### RECORDED DATA
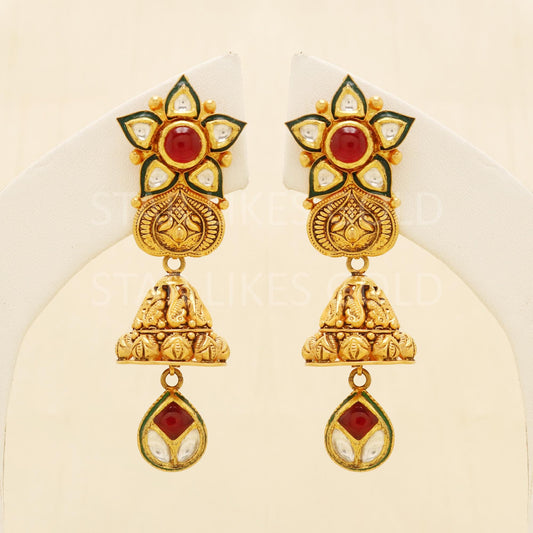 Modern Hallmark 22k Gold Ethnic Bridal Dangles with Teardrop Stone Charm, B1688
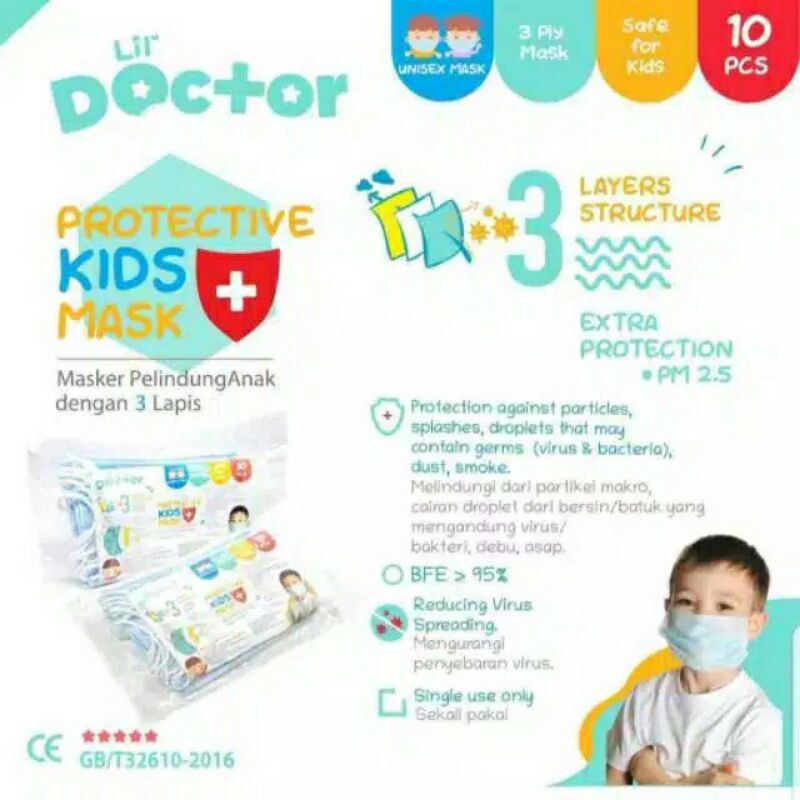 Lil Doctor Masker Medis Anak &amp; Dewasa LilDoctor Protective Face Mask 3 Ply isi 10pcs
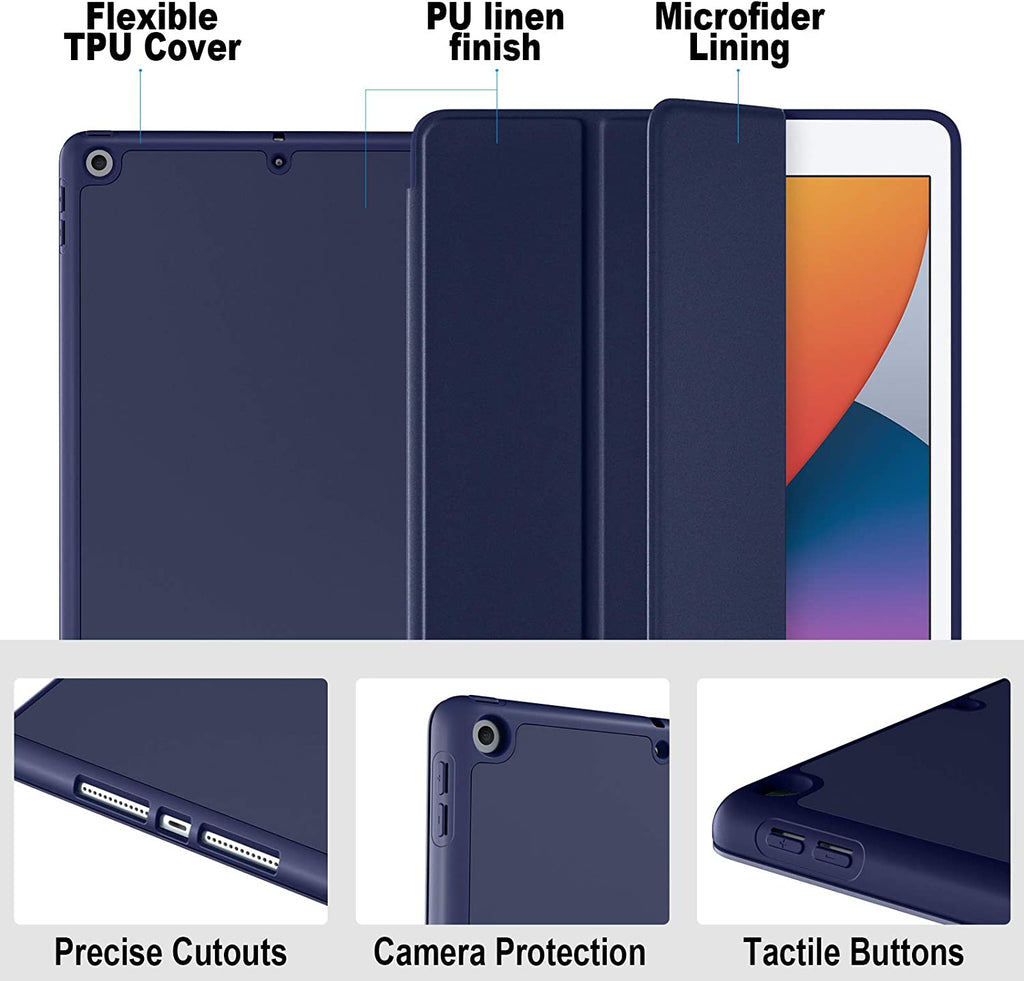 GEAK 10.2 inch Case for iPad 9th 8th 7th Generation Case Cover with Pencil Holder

### TASK
Where a picture appears in the data, omit it; restate the rest word for word.

### FINAL ANSWER
 Modern Hallmark 22k Gold Ethnic Bridal Dangles with Teardrop Stone Charm, B1688
 Lil Doctor Masker Medis Anak &amp; Dewasa LilDoctor Protective Face Mask 3 Ply isi 10pcs
 GEAK 10.2 inch Case for iPad 9th 8th 7th Generation Case Cover with Pencil Holder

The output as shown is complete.